Irresistible force meets immoveable object
29 March 2006
MADISON — During the week of March 20, iceberg C-16 moved rather quickly for a chunk of ice half the size of Wisconsin’s Dane County. It followed ocean currents along the Ross Ice Shelf northwestward towards the Drygalski Ice Tongue, remnant of the David Glacier. C-16 is portion of a larger iceberg that broke off in 2000, part of a regular calving schedule that helps the ice shelf maintain its size.
Such movements would be lost to glaciologists without satellite imagery. In Wisconsin, meteorologist Shelley Knuth, in the UW-Madison’s Antarctic Meteorological Research Center (AMRC), creates images of icebergs daily, sometimes more often, using satellite data. The center has monitored the large tabular icebergs since the current calving period started in 2000.
The Drygalski Ice Tongue is roughly the size of Rhode Island. Iceberg C-16 is about half the ice tongue’s size. Should the entire tongue break from its hold on the Ross Ice Shelf, it would likely alter the currents along the Scott Coast and in Terra Nova Bay, north of McMurdo Sound, and change the area’s climate, according to meteorologist George Weidner, of the UW-Madison’s Department of Atmospheric and Oceanic Sciences.

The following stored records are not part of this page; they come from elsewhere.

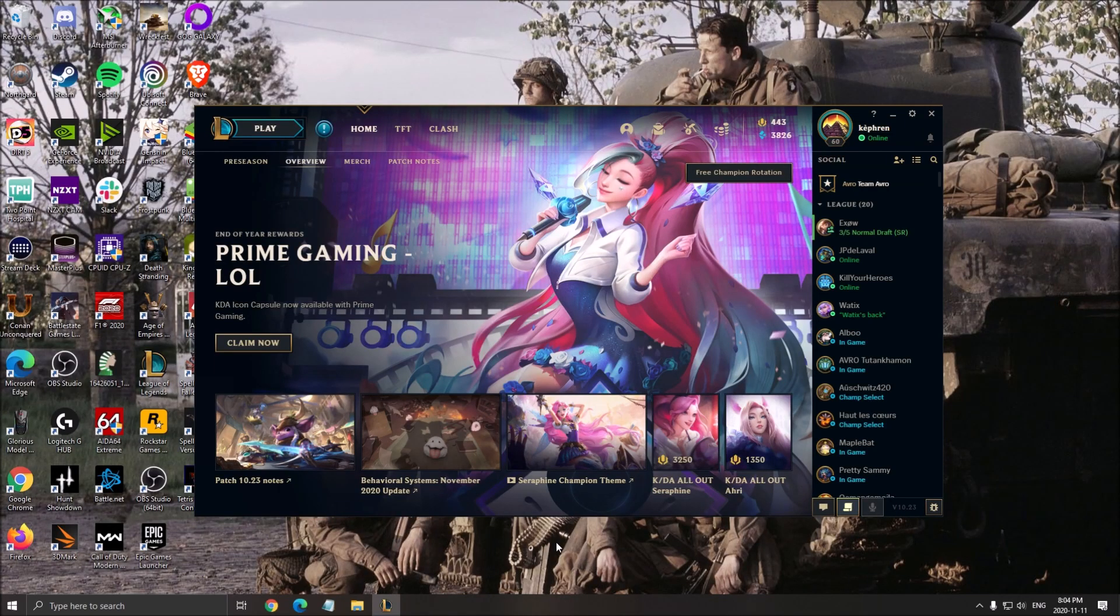Hi everybody, this is Kefren, your favorite French-Canadian. Today I'm going to do a small guide on how to boost your FPS in League of Legends for the new Season 11.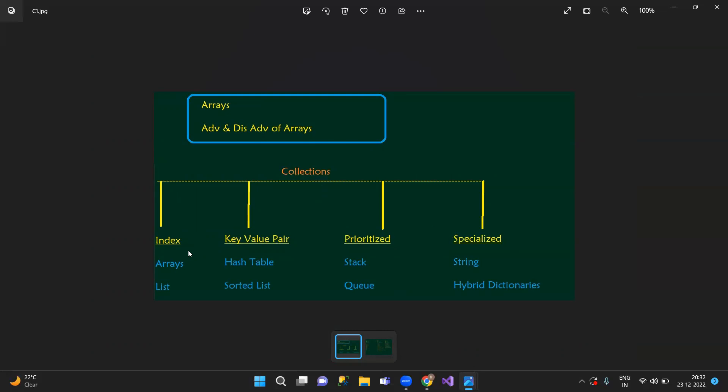Index-based: elements are accessed by their position, starting from index zero — index-wise, we have access to the list. Key-value pair means, for example, employee ID is the key and 100 is the value. So these are key-value pairs — examples include hash table and sorted list. Prioritized collections include stack and queue.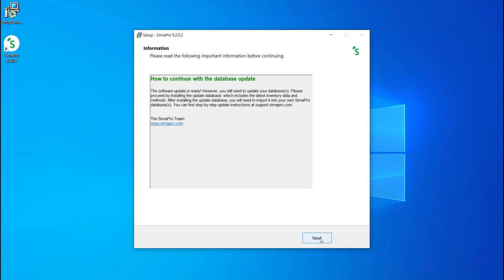Note that you will still need to perform separate actions to update your database. This step will be explained in the next part of the video.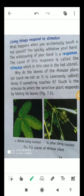What happens when you accidentally touch a hot utensil? You quickly withdraw your hand from there. The withdrawing of your hand is nothing but a response. The cause of this response is called the stimulus, which in this case is the hot utensil. Because you touch the hot utensil, you respond by withdrawing your hand.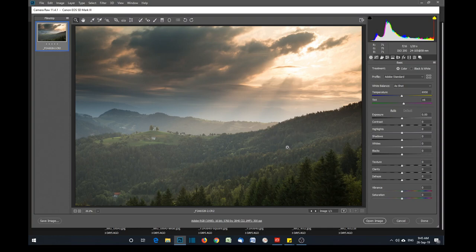Editing a RAW file is not as daunting as some people may think — it's actually quite easy. There are many pieces of software out there to edit RAW files, even from your camera manufacturer, but Adobe Camera Raw is probably the best. If you have Adobe Lightroom or Adobe Photoshop you can use it as a plug-in, which is what I'm using here.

It is not certain whether a broken ice tongue would threaten shipping in McMurdo Sound; that depends on how much of the ice tongue breaks off and where the current takes it.UW-Madison collaborated with the University of Chicago to install a weather station and other instrumentation including GPS on both iceberg C-16 and the Drygalski Ice Tongue. Instruments like those are located around the continent and provide vital information about Antarctica’s weather. If the ice tongue does break, glaciologists will be able to monitor pressure, temperature and wind changes as it and the iceberg move around, matching those measurements with satellite imagery, and adding to the store of glaciology knowledge.
Glaciologist Douglas MacAyeal, professor in the University of Chicago’s Department of Geophysical Sciences, notes that last year mega-berg B15-A came dangerously close to whacking the Ice Tongue. C-16, about half the size of B-15A, is coming much closer to damaging the ice tongue, with its coastal approach, rather than the nearly head-on approach B-15A took. MacAyeal reminds us that this “shows how unpredictable various elements of the climate system can be.”
Weidner notes that, for C-16 to collide with or break the Ice Tongue, the iceberg would need enough momentum to overcome strong Katabatic winds flowing down the David Glacier that would tend to push C-16 to the east. Katabatic winds blow down a topographic incline such as a hill, mountain or glacier, and are prevalent in Antarctica. The ocean currents along the Scott Coast will also likely be deflected to the east along the Drygalski Ice Tongue.
For now (March 27), C-16 nestles close to the Drygalski Ice Tongue, cushioned from an impact by sea ice. On March 29, it had knocked off the very tip of the tongue.
The AMRC, a unit in the Space Science and Engineering Center, also produces mosaics of Antarctica from satellite data, making them available to researchers and others over the internet. Both AMRC and the AWS receive their funding from the National Science Foundation’s Office of Polar Programs.